US researchers may have come a step closer to finding a possible cure for AIDS: using radioimmunotherapy, they were able to destroy HIV-infected cells in blood samples of patients who had been treated with a highly active antiretroviral therapy (HAART). The research results were presented at the Annual Meeting of the Radiological Society of North America (RSNA) in Chicago.
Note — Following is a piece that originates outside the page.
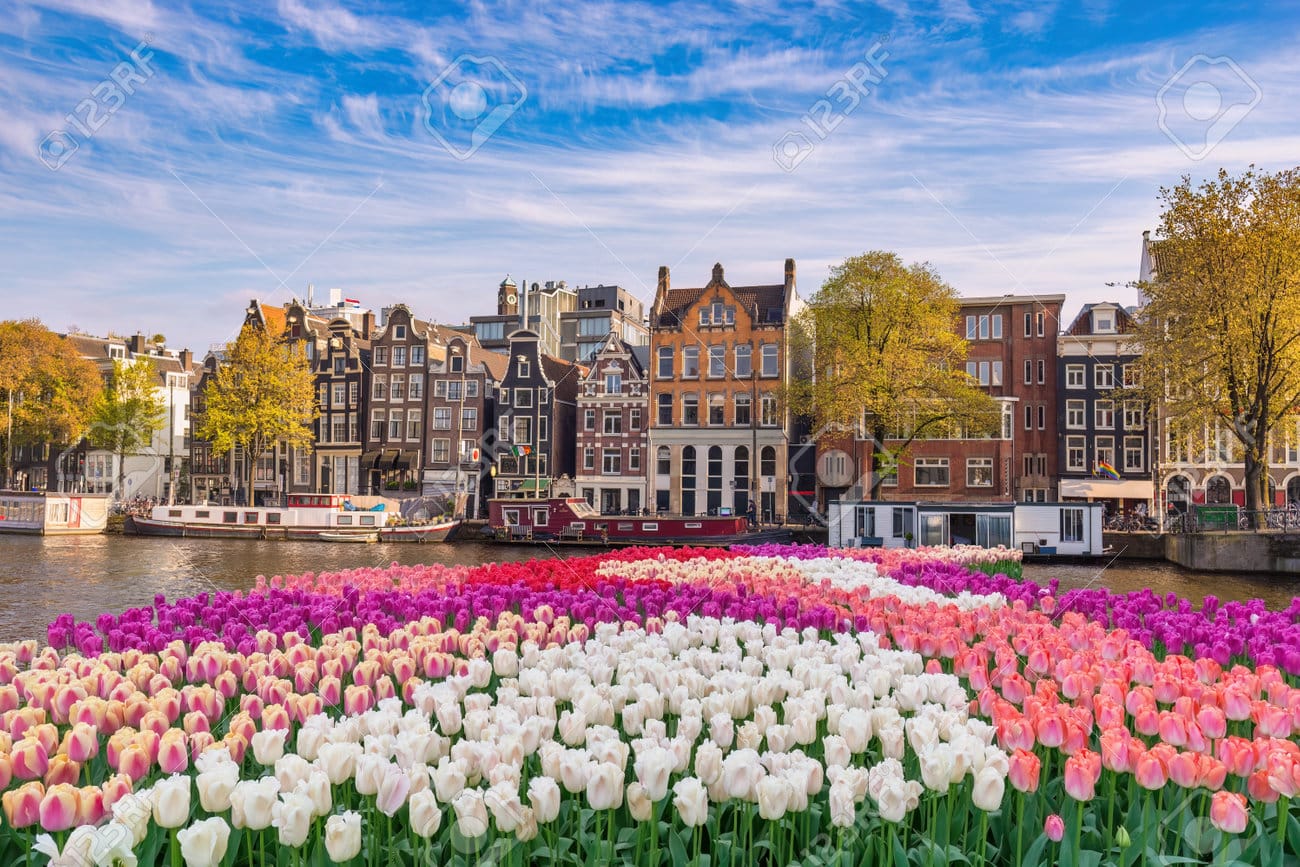 200094987-ámsterdam-países-bajos-horizonte-de-la-ciudad-en-el-paseo-marítimo-del-canal-con-flor-de-tulipán-de-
The highly active antiretroviral therapy inhibits replication, and thereby reduces the viral burden and improves the prognosis for the patients. However, HAART is unable to destroy potential reservoirs of latent infected cells in the body. And this is precisely the issue addressed by researchers from the Albert Einstein College of Medicine in New York. They administered radioimmunotherapy to blood samples from 15 patients who had previously received HAART. To do this, they paired the monoclonal antibody mAb2556, which targets the surface protein gp41 of HIV cells, with the radionuclide Bismuth-213.
The results were unequivocal: RIT killed the HIV-infected lymphocytes previously treated with HAART. During this process, the HIV infection was reduced to such an extent that it was no longer detectable in the blood samples. “The elimination of HIV-infected cells with RIT was profound and specific”, said first author Ekaterina Dadachova. “The radionuclide we used delivered radiation only to HIV-infected cells without damaging nearby cells.”
Furthermore, the researchers discovered another property of the radio-labeled monoclonal antibody. In trials using an in vitro human blood brain barrier model, mAb2556 crossed the barrier without damaging it and killed the HIV-infected cells. “Antiretroviral treatment only partially penetrates the blood brain barrier, which means that even if a patient is free of HIV systemically, the virus is still able to rage on in the brain and cause problems”, explained Dadachova. “Our study showed that RIT is also able to kill HIV-infected cells in the central nervous system”.